An exact transcript of all the records is required, with nothing left out.

▸ **Records to use**:
.....

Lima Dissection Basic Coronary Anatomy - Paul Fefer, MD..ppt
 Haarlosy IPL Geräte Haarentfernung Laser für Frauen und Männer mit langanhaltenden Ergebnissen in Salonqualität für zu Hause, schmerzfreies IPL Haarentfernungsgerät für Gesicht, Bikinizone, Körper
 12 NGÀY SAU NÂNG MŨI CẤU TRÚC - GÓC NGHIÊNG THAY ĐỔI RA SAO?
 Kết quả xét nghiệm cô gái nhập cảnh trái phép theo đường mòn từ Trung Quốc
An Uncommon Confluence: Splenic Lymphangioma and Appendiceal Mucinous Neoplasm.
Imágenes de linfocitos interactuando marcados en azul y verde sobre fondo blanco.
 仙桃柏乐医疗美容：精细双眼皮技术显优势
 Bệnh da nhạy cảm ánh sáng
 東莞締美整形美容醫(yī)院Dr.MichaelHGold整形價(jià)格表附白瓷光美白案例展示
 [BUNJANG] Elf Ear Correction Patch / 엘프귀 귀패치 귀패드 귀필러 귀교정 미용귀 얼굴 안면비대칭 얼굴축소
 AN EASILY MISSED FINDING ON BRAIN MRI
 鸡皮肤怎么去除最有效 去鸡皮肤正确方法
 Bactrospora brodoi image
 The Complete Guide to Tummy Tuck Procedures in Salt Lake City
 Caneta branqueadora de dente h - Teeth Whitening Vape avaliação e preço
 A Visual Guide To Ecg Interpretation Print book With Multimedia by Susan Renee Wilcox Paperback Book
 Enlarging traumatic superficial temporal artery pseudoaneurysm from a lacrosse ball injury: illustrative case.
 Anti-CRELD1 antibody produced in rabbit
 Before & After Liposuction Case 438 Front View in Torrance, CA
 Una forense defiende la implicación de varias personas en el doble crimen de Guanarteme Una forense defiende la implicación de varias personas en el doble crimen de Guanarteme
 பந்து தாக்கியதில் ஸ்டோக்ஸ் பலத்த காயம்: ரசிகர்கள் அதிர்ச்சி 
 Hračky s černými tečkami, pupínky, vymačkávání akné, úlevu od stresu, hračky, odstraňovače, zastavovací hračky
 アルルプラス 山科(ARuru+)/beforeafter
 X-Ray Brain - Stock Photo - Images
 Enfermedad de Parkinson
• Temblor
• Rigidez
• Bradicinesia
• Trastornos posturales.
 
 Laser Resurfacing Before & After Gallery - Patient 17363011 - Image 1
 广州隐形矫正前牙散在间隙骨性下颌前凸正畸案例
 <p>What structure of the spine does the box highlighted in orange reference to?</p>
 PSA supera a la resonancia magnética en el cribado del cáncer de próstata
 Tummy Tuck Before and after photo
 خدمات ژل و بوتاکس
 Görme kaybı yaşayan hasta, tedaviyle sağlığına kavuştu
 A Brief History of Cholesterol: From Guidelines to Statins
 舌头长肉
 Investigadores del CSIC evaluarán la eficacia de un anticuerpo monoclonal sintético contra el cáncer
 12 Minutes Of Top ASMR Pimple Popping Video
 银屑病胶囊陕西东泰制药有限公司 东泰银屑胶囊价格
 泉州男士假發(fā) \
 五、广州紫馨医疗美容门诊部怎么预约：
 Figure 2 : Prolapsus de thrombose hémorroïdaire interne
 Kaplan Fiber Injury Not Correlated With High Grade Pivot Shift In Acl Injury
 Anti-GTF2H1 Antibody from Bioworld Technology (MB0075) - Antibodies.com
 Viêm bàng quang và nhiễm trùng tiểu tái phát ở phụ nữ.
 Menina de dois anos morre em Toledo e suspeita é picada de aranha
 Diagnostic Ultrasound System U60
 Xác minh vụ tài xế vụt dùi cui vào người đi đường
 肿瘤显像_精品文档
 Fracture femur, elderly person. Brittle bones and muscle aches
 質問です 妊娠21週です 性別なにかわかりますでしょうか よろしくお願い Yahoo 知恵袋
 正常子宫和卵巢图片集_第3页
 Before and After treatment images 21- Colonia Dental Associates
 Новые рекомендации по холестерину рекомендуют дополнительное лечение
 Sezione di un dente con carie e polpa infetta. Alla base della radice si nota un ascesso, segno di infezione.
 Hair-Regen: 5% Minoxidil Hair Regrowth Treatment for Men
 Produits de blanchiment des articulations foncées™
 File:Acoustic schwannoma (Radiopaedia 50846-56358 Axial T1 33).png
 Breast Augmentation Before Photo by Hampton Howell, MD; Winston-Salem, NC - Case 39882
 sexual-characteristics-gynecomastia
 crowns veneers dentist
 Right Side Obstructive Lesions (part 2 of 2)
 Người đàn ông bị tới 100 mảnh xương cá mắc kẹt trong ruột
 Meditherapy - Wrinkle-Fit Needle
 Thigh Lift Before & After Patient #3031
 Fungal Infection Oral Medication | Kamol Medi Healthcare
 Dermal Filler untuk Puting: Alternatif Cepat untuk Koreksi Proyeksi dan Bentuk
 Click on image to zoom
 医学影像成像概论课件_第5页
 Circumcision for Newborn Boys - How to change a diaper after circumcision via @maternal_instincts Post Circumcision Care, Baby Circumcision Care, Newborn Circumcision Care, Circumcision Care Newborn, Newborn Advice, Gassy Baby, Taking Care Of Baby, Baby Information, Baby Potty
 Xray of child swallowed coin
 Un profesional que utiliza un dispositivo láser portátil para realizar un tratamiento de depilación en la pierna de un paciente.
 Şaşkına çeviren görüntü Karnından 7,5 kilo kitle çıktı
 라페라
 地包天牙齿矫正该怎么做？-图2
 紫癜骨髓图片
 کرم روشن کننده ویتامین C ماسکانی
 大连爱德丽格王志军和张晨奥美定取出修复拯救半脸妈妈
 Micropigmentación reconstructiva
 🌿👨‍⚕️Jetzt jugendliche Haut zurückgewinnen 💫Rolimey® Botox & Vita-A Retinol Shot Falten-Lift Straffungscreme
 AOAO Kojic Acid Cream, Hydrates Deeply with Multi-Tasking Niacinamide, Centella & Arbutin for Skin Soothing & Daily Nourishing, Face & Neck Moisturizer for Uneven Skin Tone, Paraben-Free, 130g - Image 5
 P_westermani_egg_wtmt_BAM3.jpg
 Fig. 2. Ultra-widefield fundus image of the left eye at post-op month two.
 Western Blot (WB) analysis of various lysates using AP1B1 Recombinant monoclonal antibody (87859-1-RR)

.....

▸ **Solution for this exercise**:
Lima Dissection Basic Coronary Anatomy - Paul Fefer, MD..ppt
 Haarlosy IPL Geräte Haarentfernung Laser für Frauen und Männer mit langanhaltenden Ergebnissen in Salonqualität für zu Hause, schmerzfreies IPL Haarentfernungsgerät für Gesicht, Bikinizone, Körper
 12 NGÀY SAU NÂNG MŨI CẤU TRÚC - GÓC NGHIÊNG THAY ĐỔI RA SAO?
 Kết quả xét nghiệm cô gái nhập cảnh trái phép theo đường mòn từ Trung Quốc
An Uncommon Confluence: Splenic Lymphangioma and Appendiceal Mucinous Neoplasm.
Imágenes de linfocitos interactuando marcados en azul y verde sobre fondo blanco.
 仙桃柏乐医疗美容：精细双眼皮技术显优势
 Bệnh da nhạy cảm ánh sáng
 東莞締美整形美容醫(yī)院Dr.MichaelHGold整形價(jià)格表附白瓷光美白案例展示
 [BUNJANG] Elf Ear Correction Patch / 엘프귀 귀패치 귀패드 귀필러 귀교정 미용귀 얼굴 안면비대칭 얼굴축소
 AN EASILY MISSED FINDING ON BRAIN MRI
 鸡皮肤怎么去除最有效 去鸡皮肤正确方法
 Bactrospora brodoi image
 The Complete Guide to Tummy Tuck Procedures in Salt Lake City
 Caneta branqueadora de dente h - Teeth Whitening Vape avaliação e preço
 A Visual Guide To Ecg Interpretation Print book With Multimedia by Susan Renee Wilcox Paperback Book
 Enlarging traumatic superficial temporal artery pseudoaneurysm from a lacrosse ball injury: illustrative case.
 Anti-CRELD1 antibody produced in rabbit
 Before & After Liposuction Case 438 Front View in Torrance, CA
 Una forense defiende la implicación de varias personas en el doble crimen de Guanarteme Una forense defiende la implicación de varias personas en el doble crimen de Guanarteme
 பந்து தாக்கியதில் ஸ்டோக்ஸ் பலத்த காயம்: ரசிகர்கள் அதிர்ச்சி 
 Hračky s černými tečkami, pupínky, vymačkávání akné, úlevu od stresu, hračky, odstraňovače, zastavovací hračky
 アルルプラス 山科(ARuru+)/beforeafter
 X-Ray Brain - Stock Photo - Images
 Enfermedad de Parkinson
• Temblor
• Rigidez
• Bradicinesia
• Trastornos posturales.
 
 Laser Resurfacing Before & After Gallery - Patient 17363011 - Image 1
 广州隐形矫正前牙散在间隙骨性下颌前凸正畸案例
 <p>What structure of the spine does the box highlighted in orange reference to?</p>
 PSA supera a la resonancia magnética en el cribado del cáncer de próstata
 Tummy Tuck Before and after photo
 خدمات ژل و بوتاکس
 Görme kaybı yaşayan hasta, tedaviyle sağlığına kavuştu
 A Brief History of Cholesterol: From Guidelines to Statins
 舌头长肉
 Investigadores del CSIC evaluarán la eficacia de un anticuerpo monoclonal sintético contra el cáncer
 12 Minutes Of Top ASMR Pimple Popping Video
 银屑病胶囊陕西东泰制药有限公司 东泰银屑胶囊价格
 泉州男士假發(fā) \
 五、广州紫馨医疗美容门诊部怎么预约：
 Figure 2 : Prolapsus de thrombose hémorroïdaire interne
 Kaplan Fiber Injury Not Correlated With High Grade Pivot Shift In Acl Injury
 Anti-GTF2H1 Antibody from Bioworld Technology (MB0075) - Antibodies.com
 Viêm bàng quang và nhiễm trùng tiểu tái phát ở phụ nữ.
 Menina de dois anos morre em Toledo e suspeita é picada de aranha
 Diagnostic Ultrasound System U60
 Xác minh vụ tài xế vụt dùi cui vào người đi đường
 肿瘤显像_精品文档
 Fracture femur, elderly person. Brittle bones and muscle aches
 質問です 妊娠21週です 性別なにかわかりますでしょうか よろしくお願い Yahoo 知恵袋
 正常子宫和卵巢图片集_第3页
 Before and After treatment images 21- Colonia Dental Associates
 Новые рекомендации по холестерину рекомендуют дополнительное лечение
 Sezione di un dente con carie e polpa infetta. Alla base della radice si nota un ascesso, segno di infezione.
 Hair-Regen: 5% Minoxidil Hair Regrowth Treatment for Men
 Produits de blanchiment des articulations foncées™
 File:Acoustic schwannoma (Radiopaedia 50846-56358 Axial T1 33).png
 Breast Augmentation Before Photo by Hampton Howell, MD; Winston-Salem, NC - Case 39882
 sexual-characteristics-gynecomastia
 crowns veneers dentist
 Right Side Obstructive Lesions (part 2 of 2)
 Người đàn ông bị tới 100 mảnh xương cá mắc kẹt trong ruột
 Meditherapy - Wrinkle-Fit Needle
 Thigh Lift Before & After Patient #3031
 Fungal Infection Oral Medication | Kamol Medi Healthcare
 Dermal Filler untuk Puting: Alternatif Cepat untuk Koreksi Proyeksi dan Bentuk
 Click on image to zoom
 医学影像成像概论课件_第5页
 Circumcision for Newborn Boys - How to change a diaper after circumcision via @maternal_instincts Post Circumcision Care, Baby Circumcision Care, Newborn Circumcision Care, Circumcision Care Newborn, Newborn Advice, Gassy Baby, Taking Care Of Baby, Baby Information, Baby Potty
 Xray of child swallowed coin
 Un profesional que utiliza un dispositivo láser portátil para realizar un tratamiento de depilación en la pierna de un paciente.
 Şaşkına çeviren görüntü Karnından 7,5 kilo kitle çıktı
 라페라
 地包天牙齿矫正该怎么做？-图2
 紫癜骨髓图片
 کرم روشن کننده ویتامین C ماسکانی
 大连爱德丽格王志军和张晨奥美定取出修复拯救半脸妈妈
 Micropigmentación reconstructiva
 🌿👨‍⚕️Jetzt jugendliche Haut zurückgewinnen 💫Rolimey® Botox & Vita-A Retinol Shot Falten-Lift Straffungscreme
 AOAO Kojic Acid Cream, Hydrates Deeply with Multi-Tasking Niacinamide, Centella & Arbutin for Skin Soothing & Daily Nourishing, Face & Neck Moisturizer for Uneven Skin Tone, Paraben-Free, 130g - Image 5
 P_westermani_egg_wtmt_BAM3.jpg
 Fig. 2. Ultra-widefield fundus image of the left eye at post-op month two.
 Western Blot (WB) analysis of various lysates using AP1B1 Recombinant monoclonal antibody (87859-1-RR)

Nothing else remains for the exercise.